Practical Considerations

  • Performance: Pivoting and unpivoting can be resource-intensive, especially on large datasets. Indexing and query optimization are essential.
  • Data Integrity: Ensure that the data being pivoted or unpivoted is clean and consistent to avoid unexpected results.
  • Dynamic Pivoting: For scenarios where the columns to be pivoted are not known in advance, dynamic SQL can be used to construct the pivot query at runtime.

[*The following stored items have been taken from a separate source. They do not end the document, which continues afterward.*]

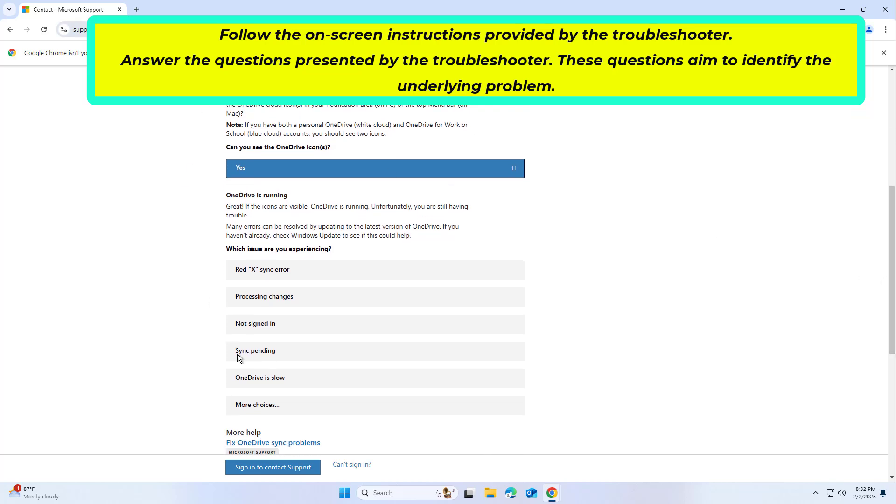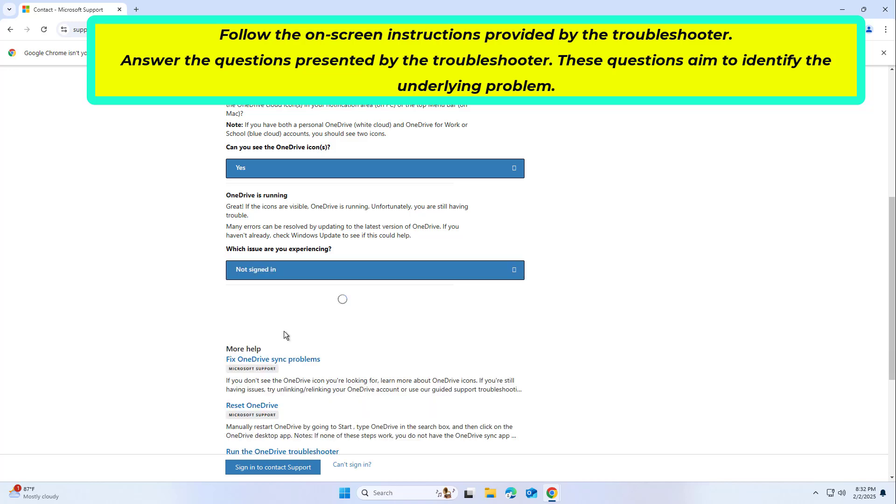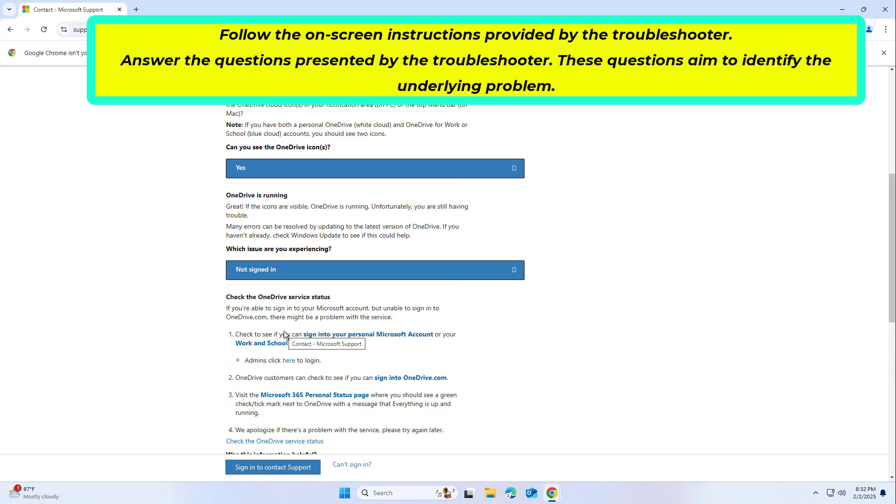I will show you how to fix the problem. Recommend the changes recommended by the troubleshooter. Check if the changes made have resolved the problem you were experiencing.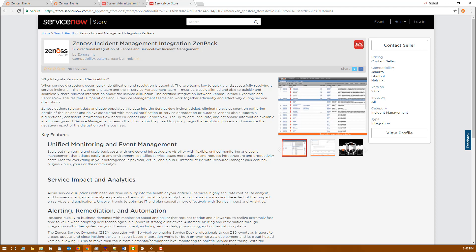The app adds an import set and transform map that we use to create and update incidents. It also adds a properties page that allows you to customize the way the transform map works. And last it adds a role which gives access to our import set so you can create a service user with access only to that table. That service user does not need to have access to the UI so you can lock that down tightly.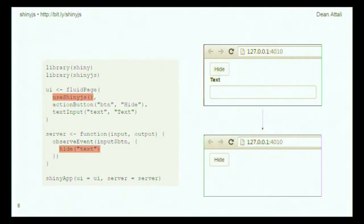One thing I really focused on when making ShinyJS is making it as easy and simple as possible to use. Whether you're a complete beginner in Shiny or you've written many Shiny apps before, anyone can incorporate ShinyJS very easily and quickly. Here's a minimal but complete example of a Shiny app that uses ShinyJS — all it does is hide a text input when you click the hide button. It's not very useful, but it shows how easy and quick it is to use ShinyJS functionality.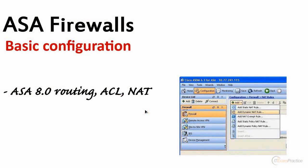ASA firewalls basic configuration - ASA 8.0/8.2 routing, access lists, and NATs. As you probably remember, we have to know how to set up ASA 8.2 and 8.3. That was a big change for Cisco. In this video, we're going to talk about ASA running 8.0 or 8.2, it doesn't really matter.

These techniques are powerful tools in T-SQL for data transformation, making it easier to reshape data for analysis and reporting.

Dynamic Pivoting in t-sql

 Dynamic pivoting in T-SQL allows you to create pivot tables where the columns are not known beforehand and need to be generated dynamically based on the data. This is useful when the set of values to be pivoted changes frequently or is not known at compile time.

Here's a step-by-step example to demonstrate dynamic pivoting in T-SQL:

Scenario

Let's say we have a Sales table with the following data:

YearQuarterSalesAmount
2022Q1100
2022Q2150
2022Q3200
2022Q4250
2023Q1110
2023Q2160
2023Q3210
2023Q4260

We want to dynamically pivot this data so that each quarter becomes a column.

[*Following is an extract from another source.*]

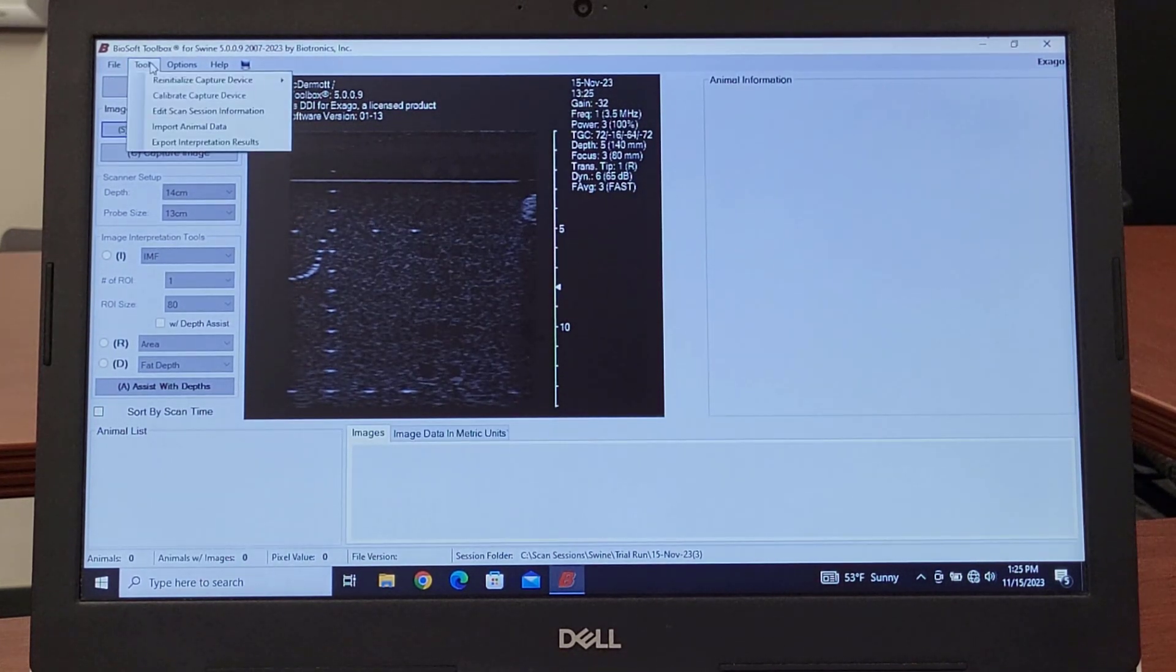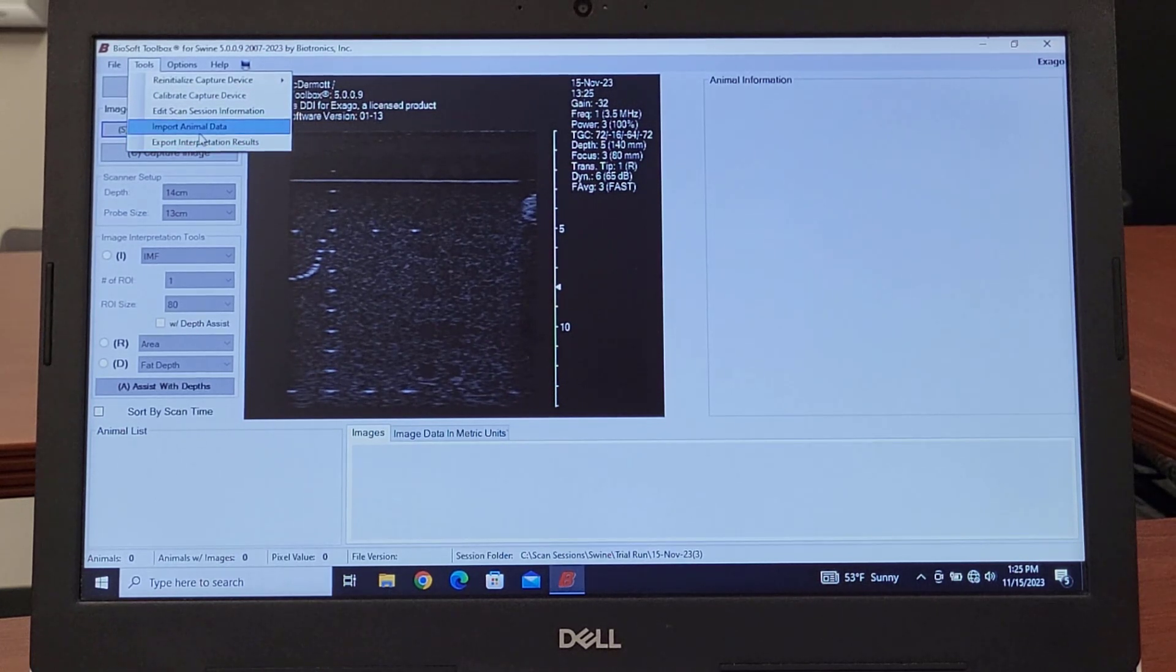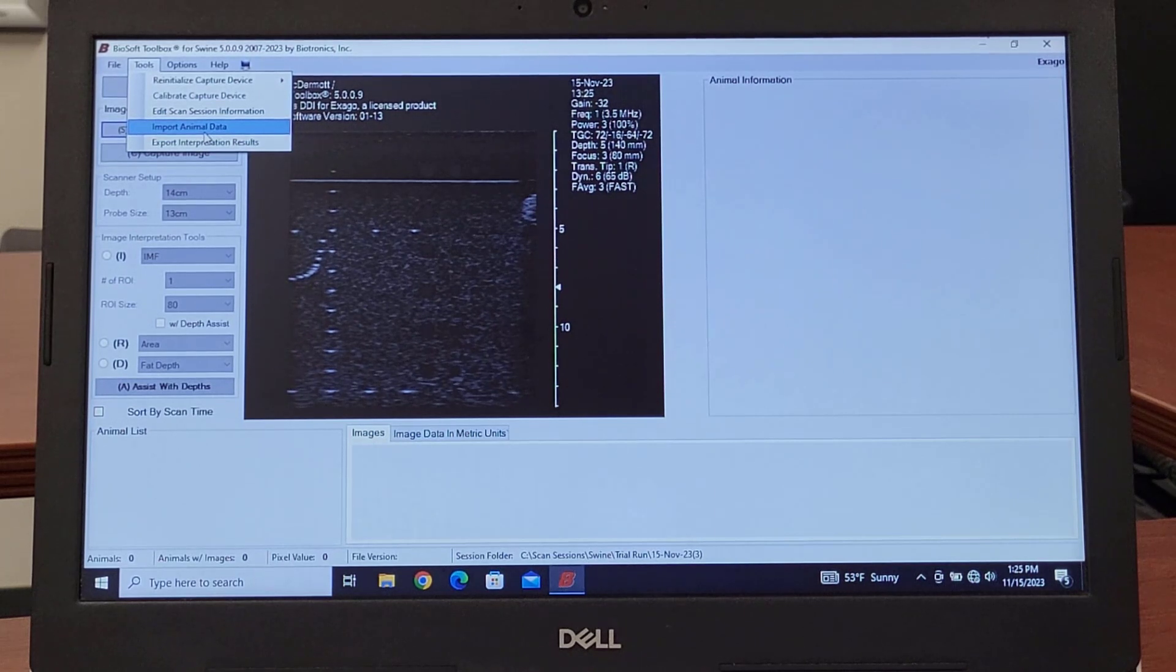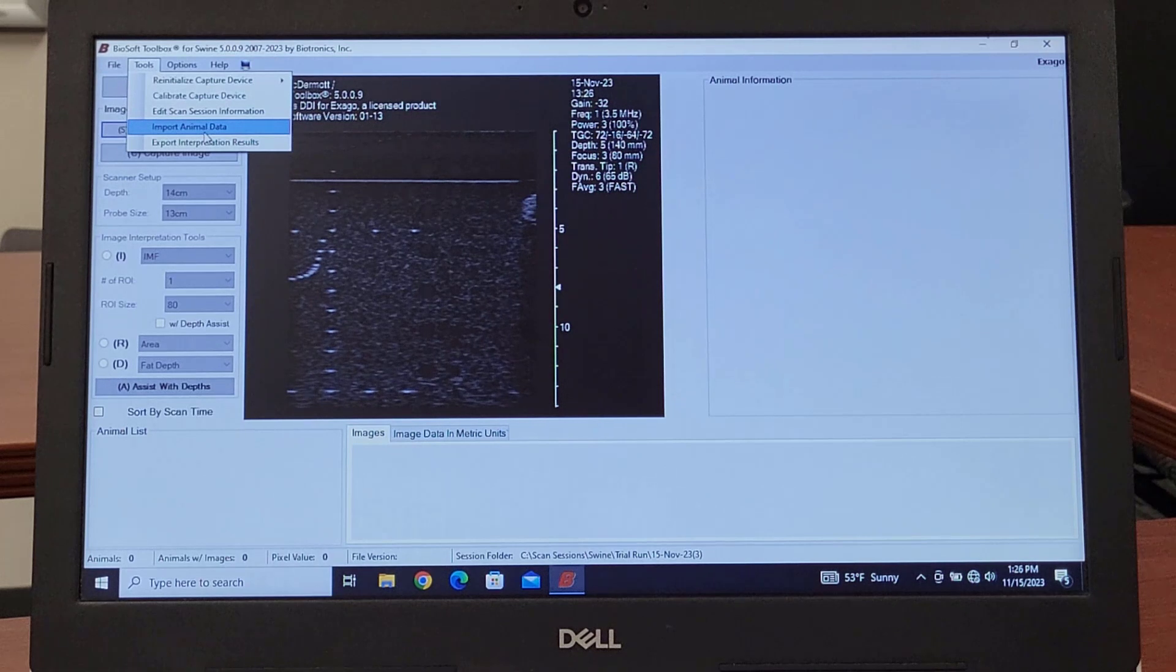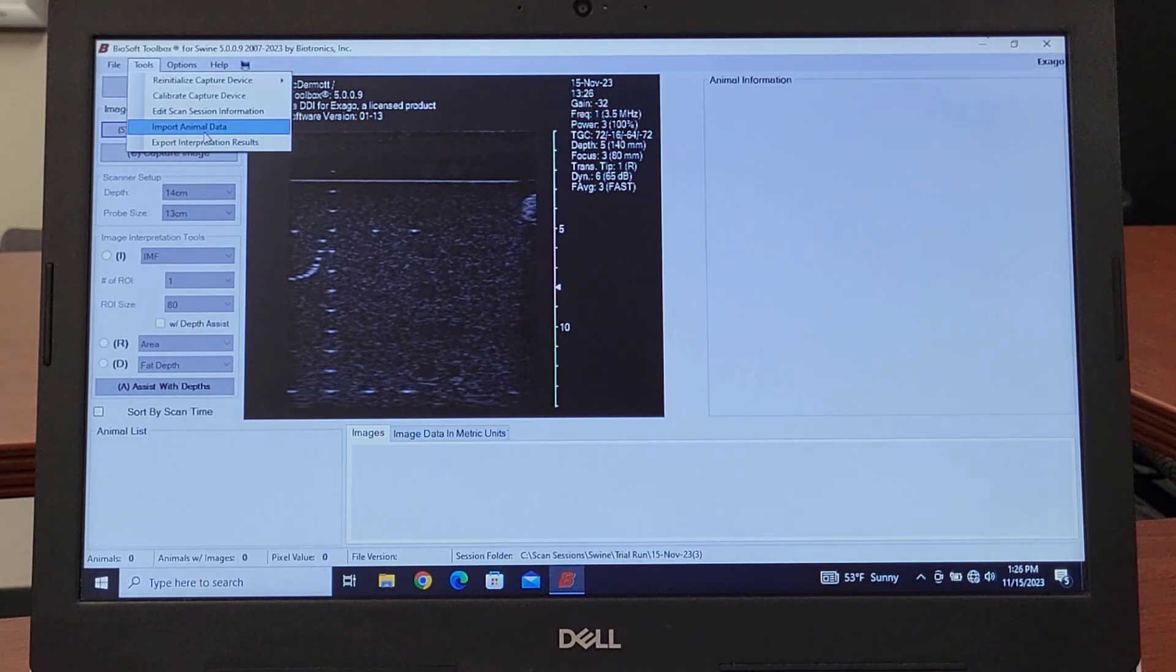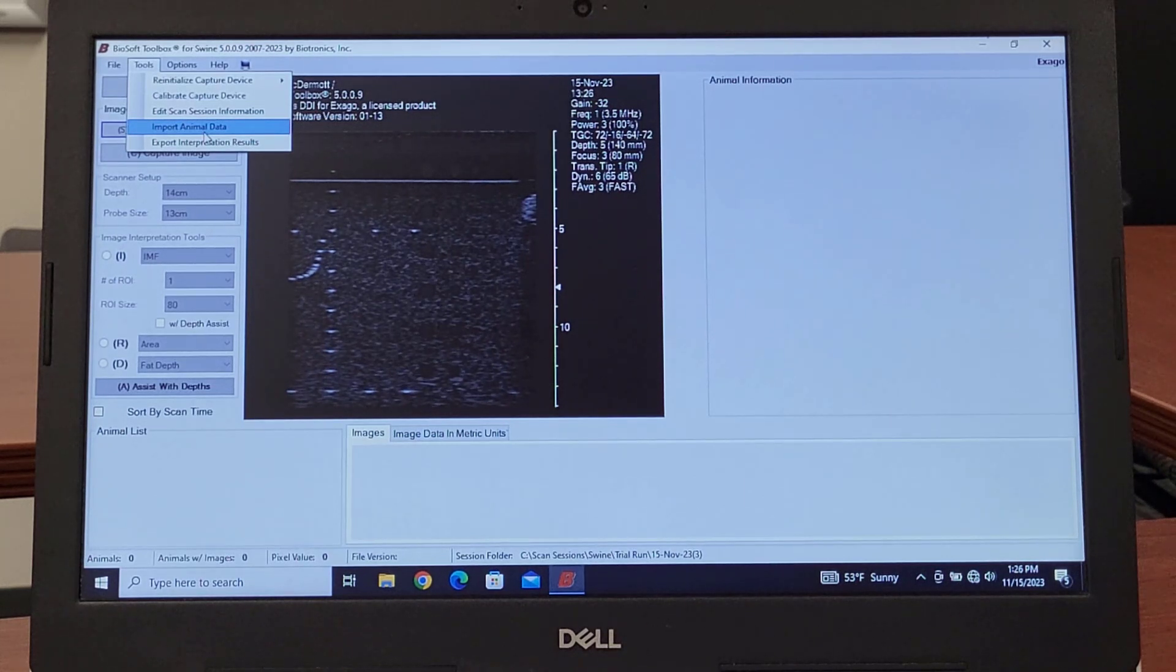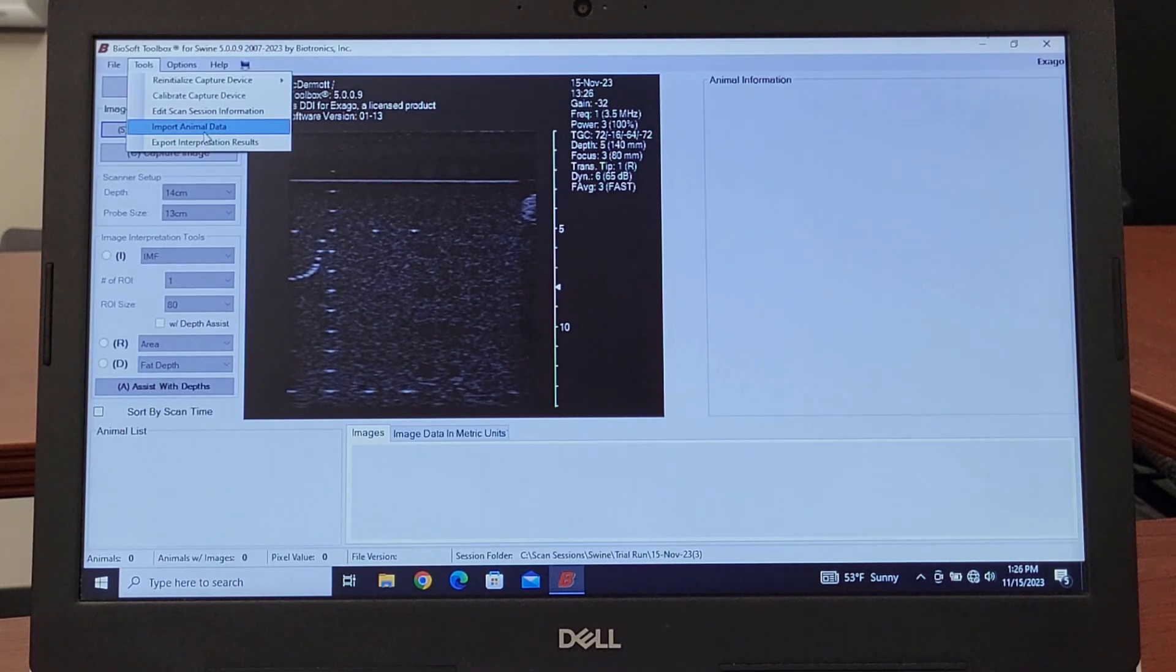The last thing on the list here is Import Animal Data. In some cases, producers like to have data preloaded into the program to make sure that it matches IDs that were used in the past. Say if you're doing a serial scan and you want to make sure or just eliminate the need to be typing in, making sure the pen number is right and making sure the sex is right, it's already been put in once.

Steps for Dynamic Pivoting

  1. Retrieve the unique values for the columns to pivot.
  2. Construct the dynamic SQL query.
  3. Execute the dynamic SQL query.

Step 1: Retrieve Unique Column Values

First, we need to get the unique values from the Quarter column:

DECLARE @Columns NVARCHAR(MAX);
SELECT @Columns = STRING_AGG(QUOTENAME(Quarter), ',') 
FROM (SELECT DISTINCT Quarter FROM Sales) AS Quarters;

Step 2: Construct the Dynamic SQL Query

Next, we construct the dynamic SQL query using the retrieved column values:

SET @SQL = '
SELECT Year, ' + @Columns + '
FROM
(
    SELECT Year, Quarter, SalesAmount
    FROM Sales
) AS SourceTable
PIVOT
(
    SUM(SalesAmount)
    FOR Quarter IN (' + @Columns + ')
) AS PivotTable
ORDER BY Year;
';

Step 3: Execute the Dynamic SQL Query

Finally, execute the dynamic SQL query:


EXEC sp_executesql @SQL;

Complete Example

Putting it all together, the complete T-SQL script looks like this:

-- Step 1: Retrieve unique column values
DECLARE @Columns NVARCHAR(MAX);
SELECT @Columns = STRING_AGG(QUOTENAME(Quarter), ',') 
FROM (SELECT DISTINCT Quarter FROM Sales) AS Quarters;

-- Step 2: Construct the dynamic SQL query
DECLARE @SQL NVARCHAR(MAX);

SET @SQL = '
SELECT Year, ' + @Columns + '
FROM
(
    SELECT Year, Quarter, SalesAmount
    FROM Sales
) AS SourceTable
PIVOT
(
    SUM(SalesAmount)
    FOR Quarter IN (' + @Columns + ')
) AS PivotTable
ORDER BY Year;
';

-- Step 3: Execute the dynamic SQL query
EXEC sp_executesql @SQL;

Explanation

  1. Retrieve Unique Column Values: The STRING_AGG function is used to concatenate the distinct quarter values, separated by commas. The QUOTENAME function ensures that the column names are properly escaped.

  2. Construct the Dynamic SQL Query: The @Columns variable is used to dynamically insert the column names into the PIVOT clause of the SQL query.

  3. Execute the Dynamic SQL Query: The sp_executesql stored procedure is used to execute the dynamically constructed SQL query.

This approach allows you to pivot data dynamically based on the actual values present in the dataset, making it flexible and adaptable to changing data.